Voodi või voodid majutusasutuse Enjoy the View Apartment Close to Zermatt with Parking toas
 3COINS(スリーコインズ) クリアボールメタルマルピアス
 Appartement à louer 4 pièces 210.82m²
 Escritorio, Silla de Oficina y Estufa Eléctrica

-------

* _Task directions_:
Output the data in full, please, exactly as written.

* _Reply to the task_:
Voodi või voodid majutusasutuse Enjoy the View Apartment Close to Zermatt with Parking toas
 3COINS(スリーコインズ) クリアボールメタルマルピアス
 Appartement à louer 4 pièces 210.82m²
 Escritorio, Silla de Oficina y Estufa Eléctrica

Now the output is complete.